Trump Larang Pendukungnya Menuntut Jika kena Corona di Acara Kampanye
- vstory
VIVA – Presiden Amerika Serikat, Donald Trump, akan memulai mengadakan kampanye jelang pemilu pada bulan November 2020 mendatang. Sejumlah ahli menilai keputusan ini akan semakin membuat publik rentan tertular virus Corona COVID-19.
Untuk itu, tim kampanye Donald Trump telah meminta seluruh pendukungnya yang ingin hadir agar mendaftar secara online terlebih dahulu. Para pendukung juga harus menandatangani perjanjian tidak akan menuntut jika nantinya terkena COVID-19 di acara kampanye.

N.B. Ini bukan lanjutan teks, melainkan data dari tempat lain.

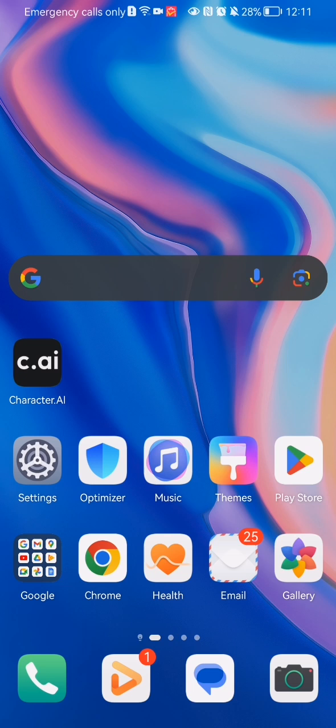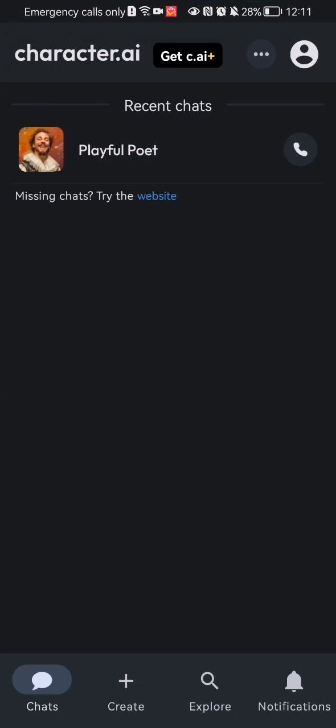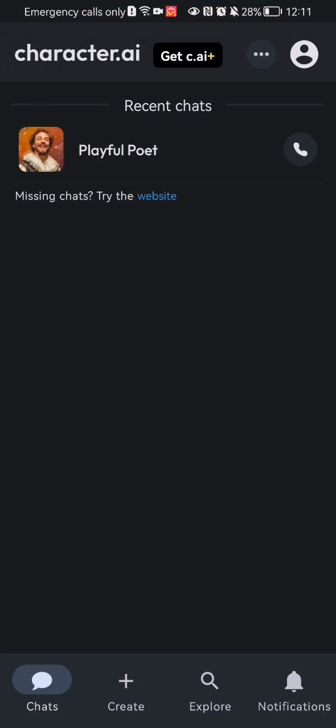The first thing you need to do is enter the app. Once you are done with that and you are in the home page,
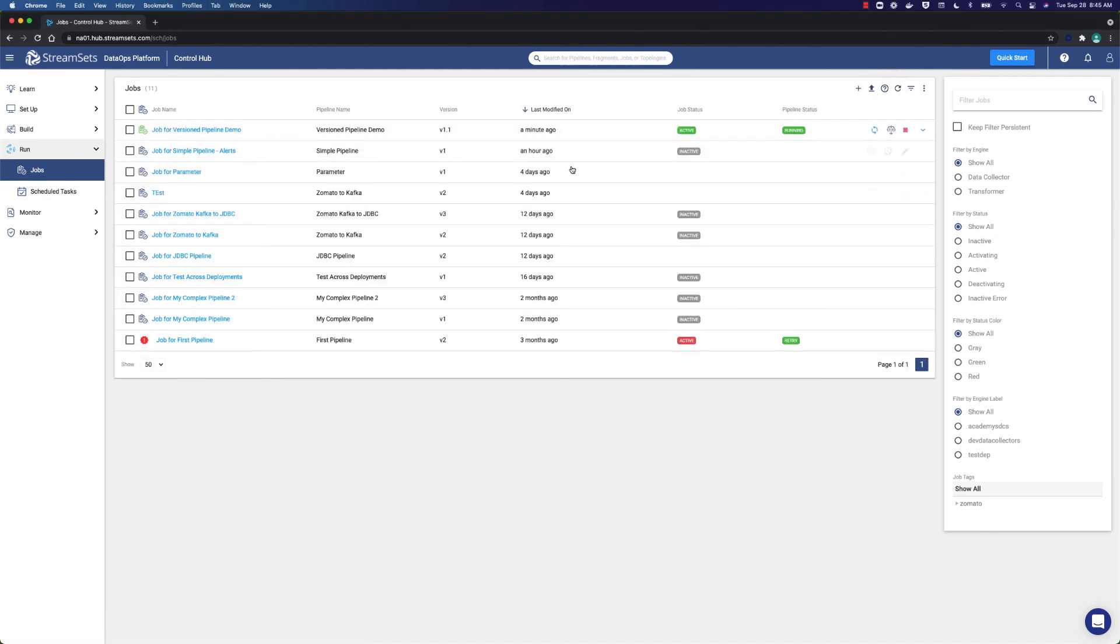Finally, we can see that the pipeline has been updated. That is how we do versioning in StreamSets. Thanks for being with us. Now it's time for you to try it yourself.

Baca Juga: Twitter Blokir 23.000 Akun Berbau Partai Komunis China
"Dengan menghadiri kampanye, Anda dan semua tamu yang lain dengan sukarela memahami risiko terpapar COVID-19 dan setuju tidak akan menuntut Donald J. Trump for President, BOK Center, ASM Global, atau yang berafiliasi lainnya mulai dari direktur, petugas, karyawan, agen, kontraktor, dan relawan bertanggung atas segala penyakit atau cedera," tulis keterangan di formulir pendaftaran seperti dikutip dari CNN, Jumat 12 Juni 2020.
Trump dilaporkan sudah tidak sabar ingin melakukan kampanye massal. Akan tetapi, belum diketahui pasti protokol kesehatan apa yang akan diterapkan dalam kampanye massal Trump.
AS hingga saat ini masih menjadi negara dengan kasus virus Corona terbanyak di dunia. Menurut data yang dikumpulkan ahli dari Johns Hopkins University sudah ada lebih dari 2 juta warga AS yang terinfeksi corona dengan total kematian mencapai sekitar 112 ribu.
Seorang profesor hukum di Fakultas Hukum Universitas New York, Catherine Sharkey, mengatakan, pelonggaran pembatasan seperti kegiatan kampanye akan menjadi rutinitas dari kehidupan masyarakan AS, meskipun virus Corona tetap menjadi ancaman.
Namun, Catherine menyoroti, pelonggaran pembatasan yang telah dilakukan Pemerintah AS hanya menawarkan perlindungan dasar terhadap tanggung jawab.
"Mereka hanya memberikan perlindungan terbatas, sehingga mereka tidak akan pernah benar-benar melindungi. Misalnya, kelalaian atau kecerobohan," kata Catherine.
"Orang bisa berargumen bahwa mengadakan pertemuan publik besar akan menyatukan orang-orang dalam konteks di mana mereka tidak dapat melakukan jaga jarak sosial atau mengikuti arahan protokol kesehatan. Tetapi, orang lain bisa berpendapat bahwa itu adalah keputusan yang lalai," ujarnya.